To retrieve data from an SQL database, we can use what’s called an “SQL Query”. This is where the SQL language comes in - we use the language to select and choose what data we want to see!

So how can an attacker exploit a poorly protected SQL databse? This is where SQL injection comes in. Let’s take an account login for example. Given the parameters name and password, with values 123 and 123pass the web application forms an SQL query: SELECT * FROM users WHERE name='123' AND password='123pass'. Now, the system will look for (SELECT) all rows from the “users” table where the name is “123” and the password is “123pass”. If there is a row with these values, then great! We will log in. If not, then a login does not occur.

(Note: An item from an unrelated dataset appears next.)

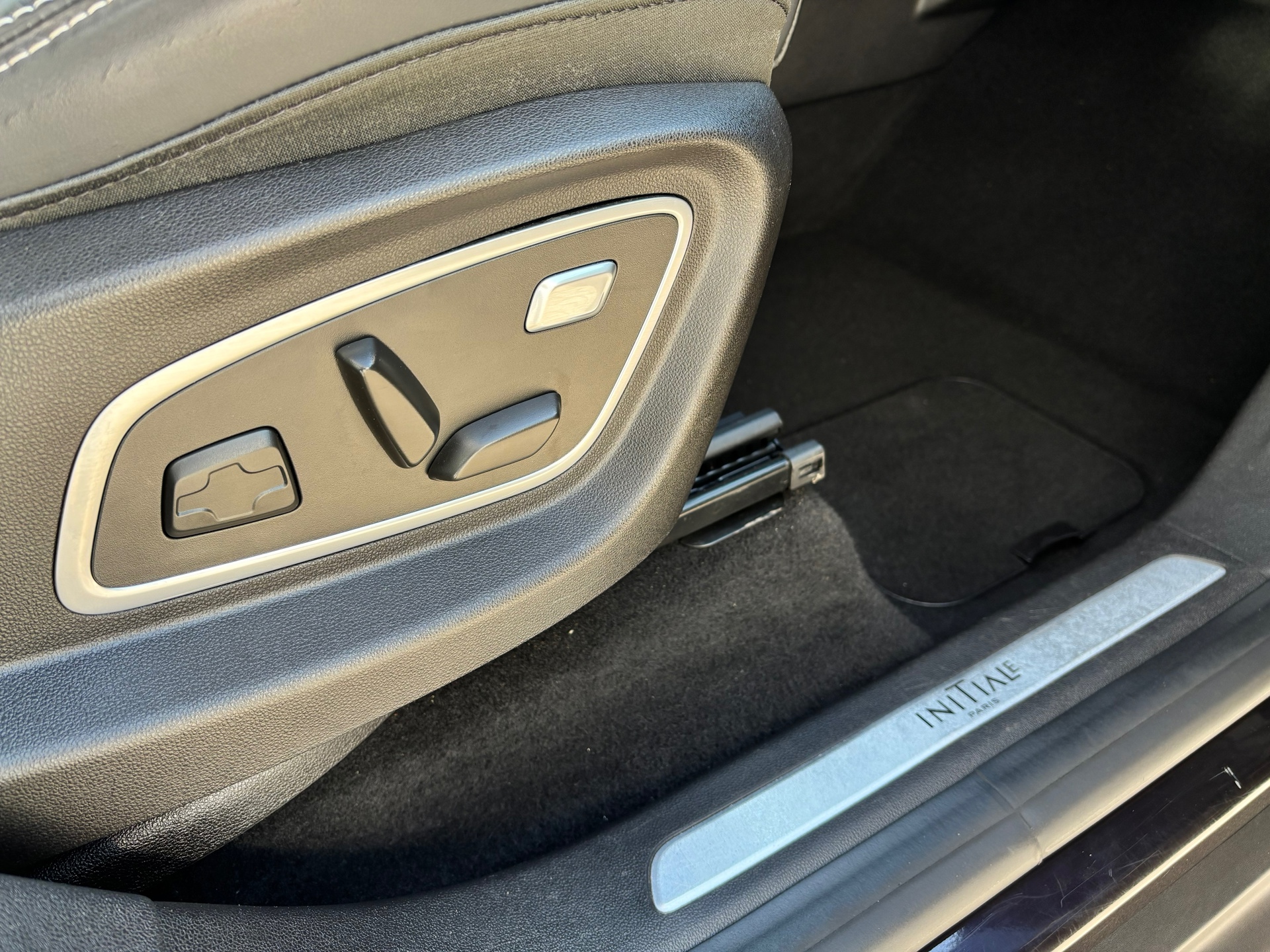 Renault Grand Scénic 1.3 TCe Initiale Paris ((GERESERVEERD)) 51837690-1.jpg | Autobedrijf Van Schijndel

With SQL injection however, we may not need to know the password. SQL injection takes advantage of vulnerabilities where a web application may not “sanitize” the inputs provided, allowing an attacker to execute SQL queries in input fields that are normally intended for something else. Going back to the example, what if I do this:

Username is: 123
Password is: idkthepassword' OR 1=1--

This is what the SQL query will look like:

SELECT * FROM users WHERE name='123' AND password='idkthepassword' OR 1=1--'

Let’s break it down. The SQL query is looking for a row with the username “123” (this is the account we want to break into) AND a password “idkthepassword”. Obviously we don’t know the password, but it will also select rows where the username is “123” AND 1=1! This is due to our injection of the OR operator. That is, it will select rows where the password is “idkthepassword” OR 1=1 (this is always true :3).

Now why did we include a quotation mark and double hyphen? This is where the real trickery comes in. The web application closes the password input with a quotation mark normally: If the password is 123, then the SQL query will be ‘123’.

But what if we add one of our own quotation marks? Well then we’ll have an extra quotation mark at the end and it’ll make no sense: ‘123’’. But if we comment out the quotation mark that the system adds automatically using the double hyphen, then we can end the input early and add anything we want after. Here’s what it looks like:

If we input the password 123' [bad code here]--, then the system will convert it into '123' [bad code here that will be run]--'! Notice that the quotation mark at the end is ignored as it becomes a comment due to the double hyphen.

This is the essence of SQL injection. How can we manipulate inputs that we’re provided to run SQL queries in places where it isn’t intended? This allows us to bypass authentications and log into accounts that we don’t know the credentials of among other things.


There are tons of SQL injection challenges available on the internet. picoCTF offers quite a few ones in varying difficulty, so try them out!